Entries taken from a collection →
··········

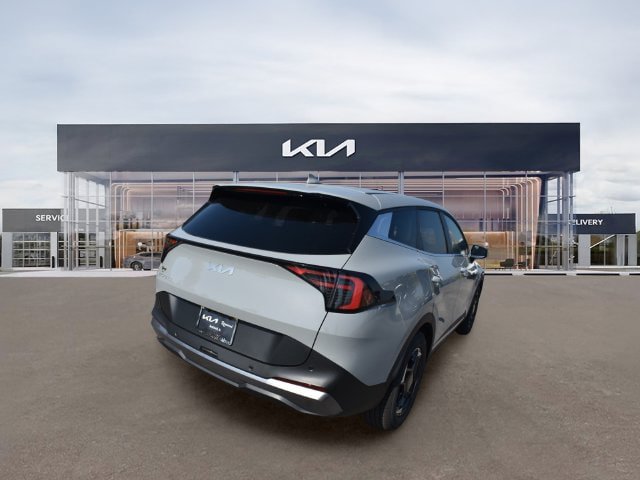 New 2026 Kia Sportage EX FWD image 4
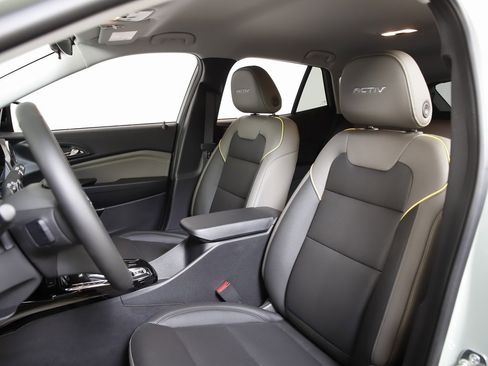 New 2026 Chevrolet Trax ACTIV image 23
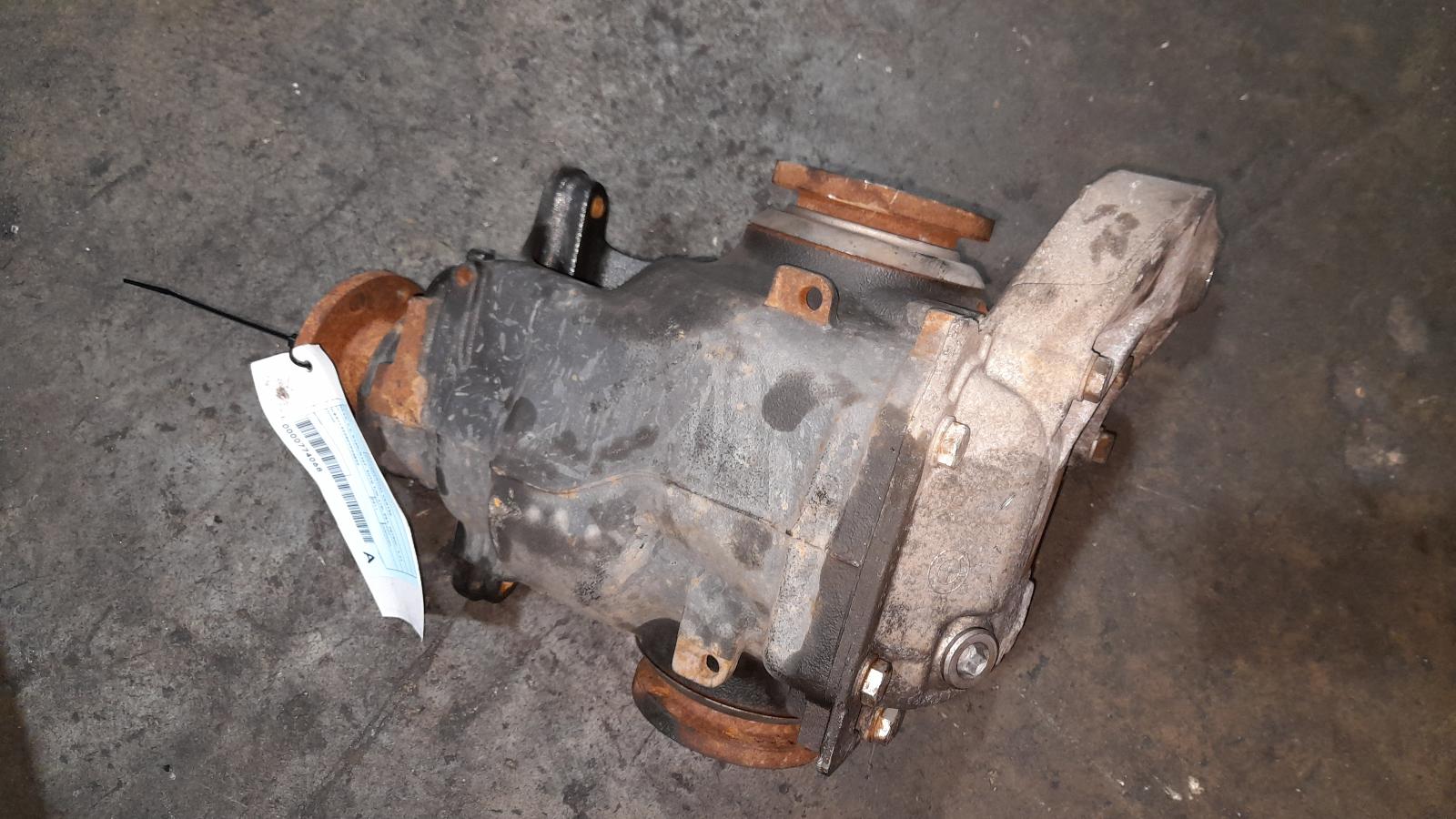 View Auto part Differential Centre Bmw X1 2011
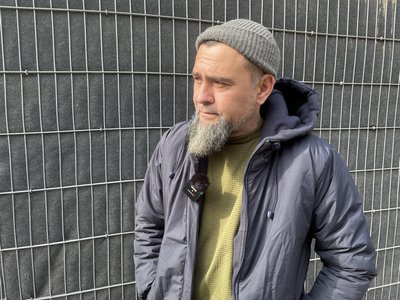 Їх житло тричі було під обстрілом. У Херсоні волонтери евакуювали подружжя з прибережної зони Їх житло тричі було під обстрілом. У Херсоні волонтери евакуювали подружжя з прибережної зони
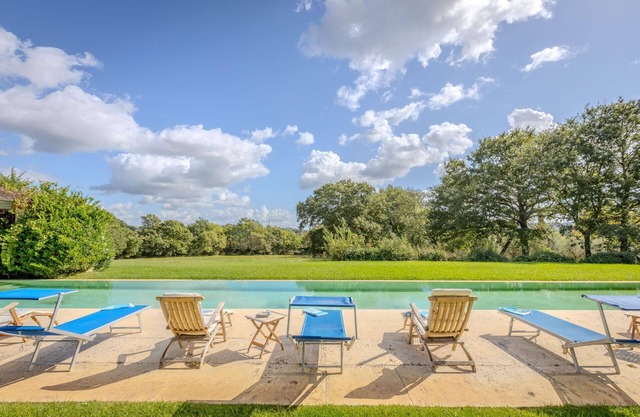 Elegant villa with pool in the Tuscan countryside, 45 minutes’ drive from the beaches of Argentario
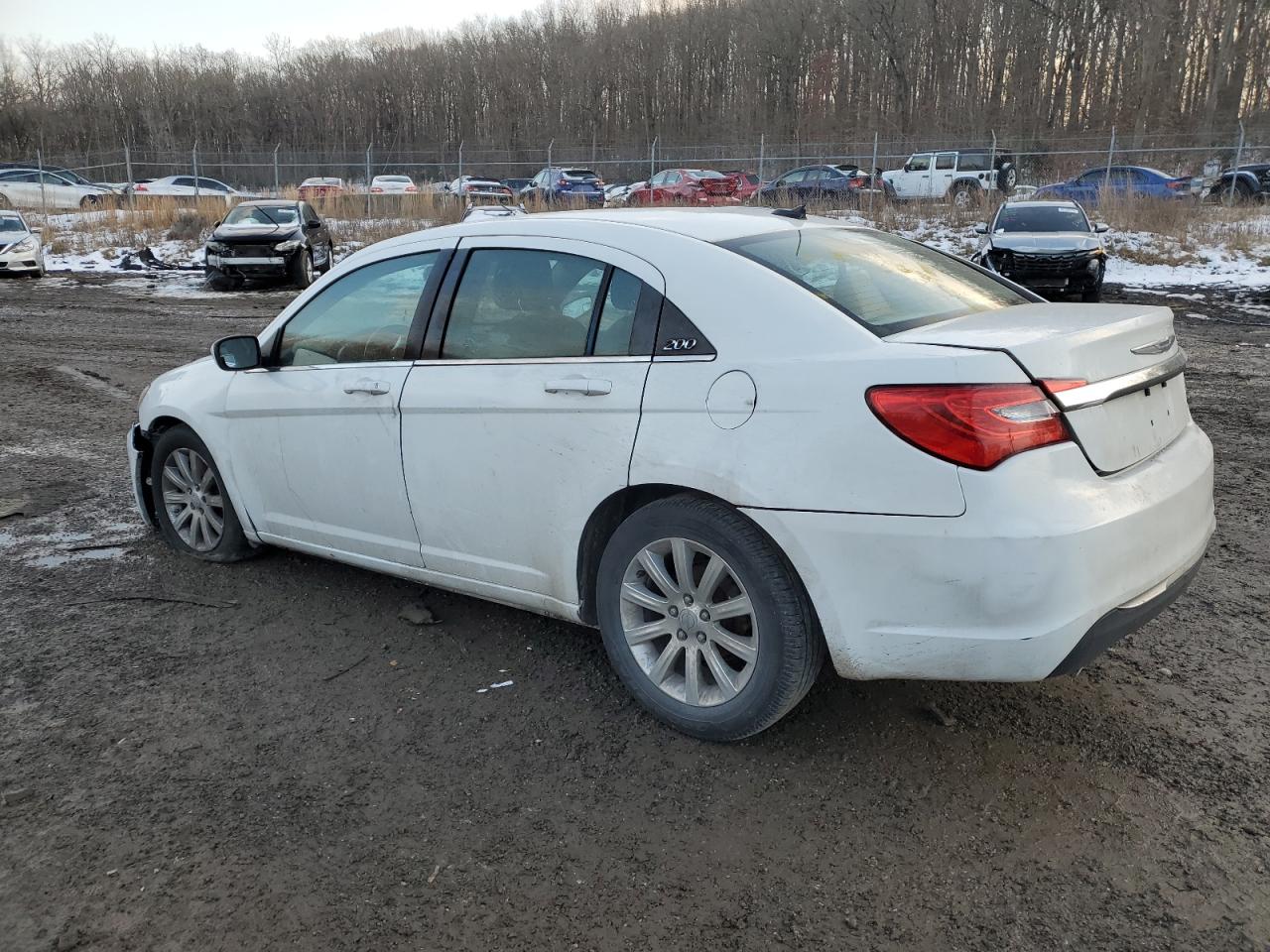 2012 Chrysler 200 - Image 2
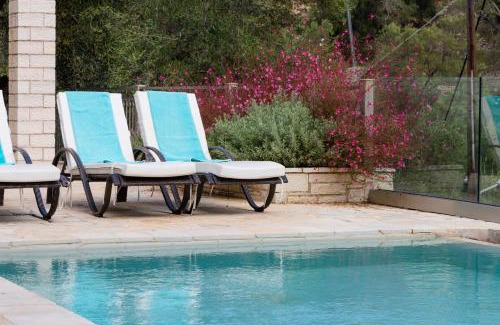 Kavalleraina Villa | Villa Yaisemi by PosarelliVillas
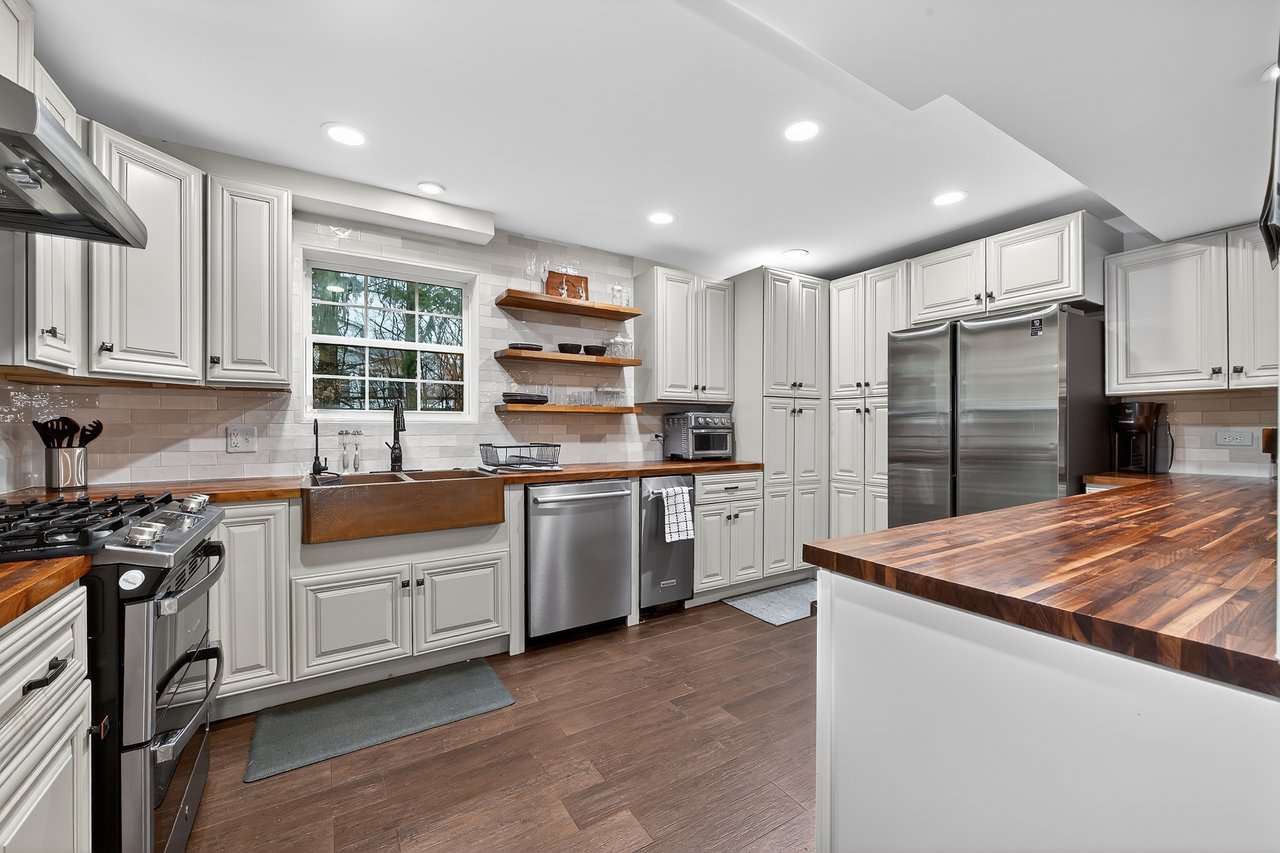 36W422 River Grange Rd, St. Charles IL. 1.3-Acre Property with Space and Privacy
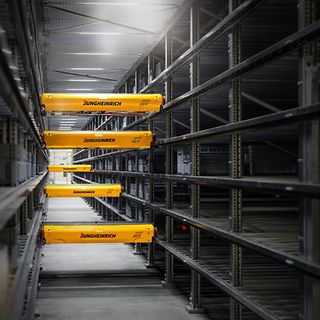 Automaattinen Miniload Shuttle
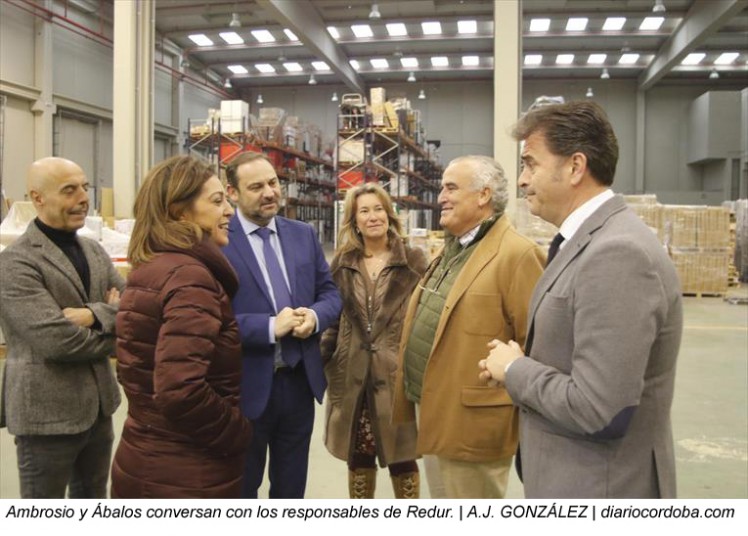 Isabel Ambrosio, alcaldesa de Córdoba, visita las instalaciones de Redur en la ciudad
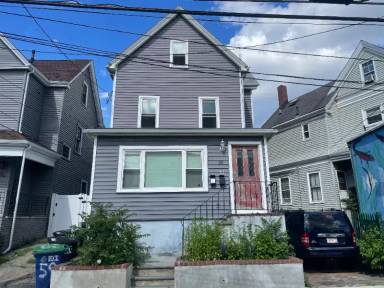 Main picture of 59 Elm St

··········

About this exercise →
Your reply should hold every line above exactly as written and none of the pictures.

Solution to this problem →
 New 2026 Kia Sportage EX FWD image 4
 New 2026 Chevrolet Trax ACTIV image 23
 View Auto part Differential Centre Bmw X1 2011
 Їх житло тричі було під обстрілом. У Херсоні волонтери евакуювали подружжя з прибережної зони Їх житло тричі було під обстрілом. У Херсоні волонтери евакуювали подружжя з прибережної зони
 Elegant villa with pool in the Tuscan countryside, 45 minutes’ drive from the beaches of Argentario
 2012 Chrysler 200 - Image 2
 Kavalleraina Villa | Villa Yaisemi by PosarelliVillas
 36W422 River Grange Rd, St. Charles IL. 1.3-Acre Property with Space and Privacy
 Automaattinen Miniload Shuttle
 Isabel Ambrosio, alcaldesa de Córdoba, visita las instalaciones de Redur en la ciudad
 Main picture of 59 Elm St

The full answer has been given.